Inodes store information on files such as user and group ownership, access mode (read, write, execute permissions) and type of file. On many file system types the number of inodes available is fixed when the filesystem is created, giving a maximum number of files the file system can hold. Typically when a file system is created about 1% of it is devoted to inodes.
The term inode usually refers to inodes on block devices that manage regular files, directories, and possibly symbolic links. The concept is particularly important to the recovery of damaged file systems.
In layman’s term:
Every time a file is created or uploaded on a server, an inode is created. Simply say, inode is the count of the files on your web hosting account.
Inodes and web hosting offer
You might see unlimited hosting services offered everywhere but what you didn’t notice is that all these offers comes with protective clauses that stand against the hosting users.
Limitation on inodes for instance is a good example of these clauses.
In order to control server usage, inodes are often limited by web hosting providers. Generally a good web host will offer up to hundreds of thousand inodes limits (which is more than enough) but there are terrible hosting companies that suspend their customer account at 40,000 inodes. These lousy web host must be avoided at all cost as their ‘unlimited offer’ is nothing more than marketing lies to trap shoppers.
Inodes limitation at reputable web host
As said, inodes limitation is an abandon topic that you can hardly get hosting company talked about it. Hostgator is so far the only web host I knew that revealed their inodes limitation.
Bluehost mentioned about account suspension/CPU throttle for overused CPU quota (but not inodes); Lunarpages talked about inodes count on their wikipage but nothing specific are mentioned; while for others, I can’t really find anything mentioned.
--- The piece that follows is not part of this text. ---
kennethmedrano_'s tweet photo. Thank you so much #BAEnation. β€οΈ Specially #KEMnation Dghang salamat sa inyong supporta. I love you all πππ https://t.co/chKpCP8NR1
How many inodes you can get with Hostgator hosting?
For Hostgator Baby Croc hosting plan, I get 250,000 inodes. The hosting company also reveals further that if inodes in your account exceed 50,000, then only your databases will be backed up on our weekly backup schedule. Static files will not get backed up.
In case you wonder, the inodes limitation is stated at the front page of your Hostgator cPanel. Scroll down a little and you’ll see a bar (as shown the small image above). Clicking on the ‘View Inode Distribution’ shows further on your account inodes usage (categorized based on directory, refer image below).
What does this means to web hosting shoppers?
Basically 250,000 inodes is a pretty more than enough to normal usage. FYI my Hostgator account (which I host 5 sites on it) consumes 15,476 inodes at this time of writing and the rest of 90%+ capacity remained unused for years.
To be frank, unless you plan to run a buggy scripts or a spammy programs you shouldn’t worry too much about inodes at Hostgator. The notification about inodes, in fact, is a good sign showing that Hostgator is the very few who’re willing do hosting business in honest way. With such transparency, I’m convinced that the company will honor their commitments and will ensure their customer gets exactly what they paid for.